Et si nous décidions de devenir des consommateurs avertis ? (4/4)

L’action de groupe “à la Marocaine” est née : Les associations de défense des consommateurs

La loi n°31-08 sur les mesures de protection du consommateur introduit en droit Marocain l’action de groupe au bénéfice d’associations de défense des consommateurs.

Ces associations de protection du consommateur relatives au droit d’association[1], assurent l’information, la défense et la promotion des intérêts du consommateur, et concourent au respect des dispositions de la loi relative à sa protection.

Le but de cette action, dont le caractère novateur est inéluctable, est la réparation des «préjudices de masse», même si elle n’est pas le décalque de la class action. L’action de groupe permet de défendre les intérêts d’un nombre considérable de consommateurs dont le préjudice personnel d’ordre patrimonial est d’un montant peu élevé par rapport au coût que pourrait engendrer une action en justice individuelle : il s’agit ainsi de mettre en œuvre, concrètement, le droit d’accès à un tribunal.

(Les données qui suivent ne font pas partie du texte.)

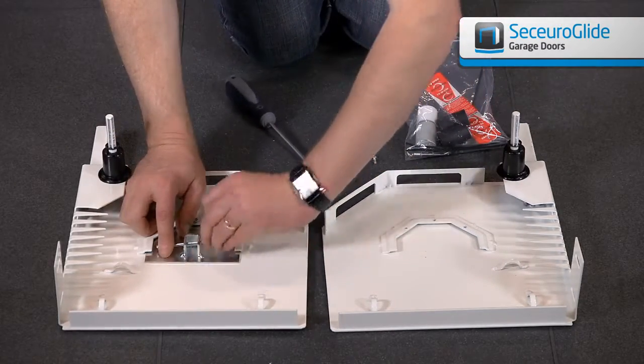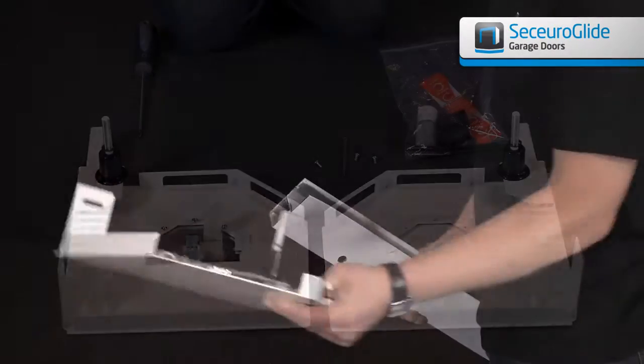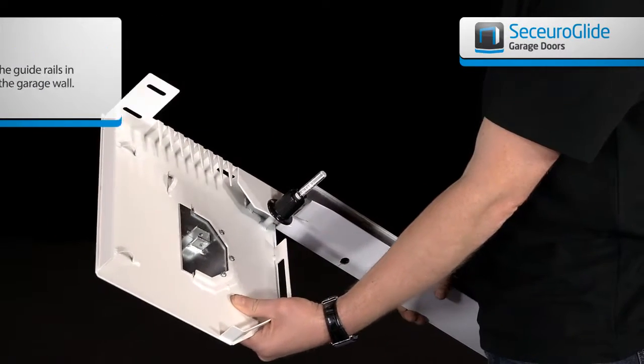Finally, remove the split pin from the dummy end and put in a safe place. The end plates should slot into the top of the prepared guides.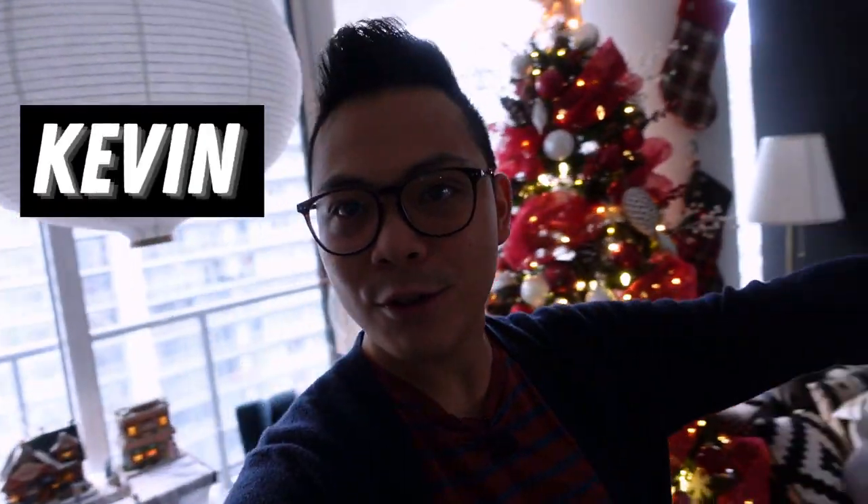Hey guys, welcome back! Today's another baking video. I just want to show you the tree again — love the tree, love Christmas!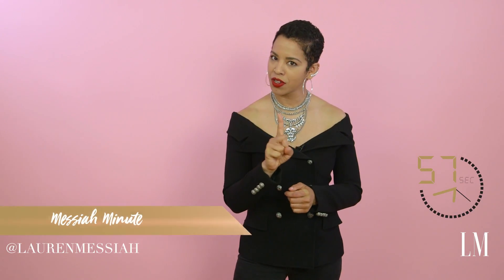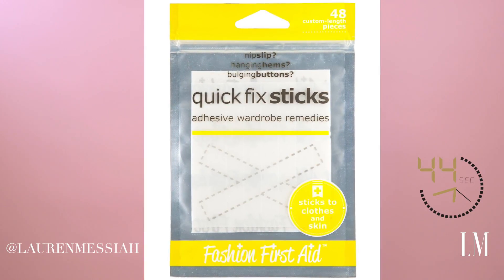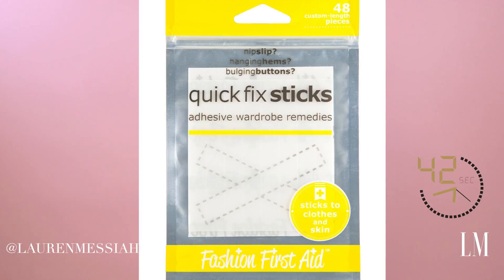Hey everyone, it's Lauren Messiah and it is time for your Messiah minute. Today's minute is all about double-stick tape. If you don't have double-stick tape in your closet, you are missing out — this is so useful. Not only does this wardrobe tape secure garments to your body — think the JLo dress that went to her belly button — she was probably using some of this.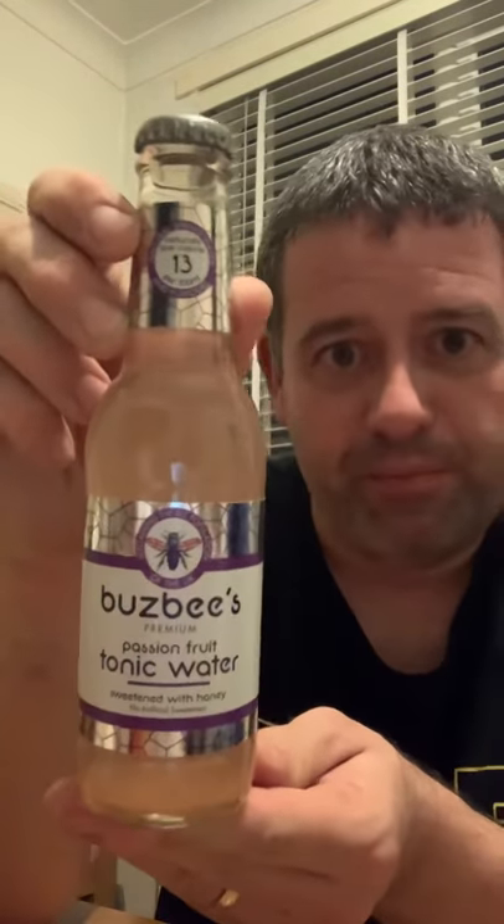Staying with the theme of sustainability, the tonic waters this month are Busbee's premium botanical tonic water, sweetened with honey. It says they're sustaining the bee population of the UK. You get two of the same plus a passion fruit one. I'm really for all these kinds of things — anything that protects the bees, which are essentially the food chain. It's a nice sustainable product, and the bottles will go in the recycling.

De la sorte, l’action de groupe permet d’éviter l’impunité de professionnels mettant en place des pratiques commerciales douteuses qui pourront donc se voir assigner en responsabilité par des associations disposant de moyens propres à agir en justice.

Les exclusions

Conformément à la loi n°31-08, ne peut être considérée comme association de protection du consommateur, l’association qui:

  • compte parmi ses membres des personnes morales ayant une activité à but lucratif;
  • perçoit des aides ou subventions d’entreprises ou de groupements d’entreprises fournissant des produits, biens ou services au consommateur;
  • fait de la publicité commerciale ou qui n’a pas un caractère purement informatif, pour des biens, produits ou services;
  • se consacre à des activités autres que la défense des intérêts du consommateur;
  • poursuit, un but à caractère politique.

L’utilité publique de l’association

Les associations de protection du consommateur peuvent être reconnues d’utilité publique si :

  • elles satisfont à la législation et la réglementation en vigueur relatives au droit d’association;
  • elles ont pour objet statutaire exclusif la protection des intérêts du consommateur ;
  • et elles sont régies par des statuts conformes à un statut-type[2].

La Fédération Nationale de Protection du Consommateur (FNPC)

Les associations de protection du consommateur reconnues d’utilité publique doivent se constituer en une Fédération Nationale de protection du consommateur régie par la législation relative au droit d’association et les dispositions de la loi n° 31-08 édictant des mesures de protection du consommateur.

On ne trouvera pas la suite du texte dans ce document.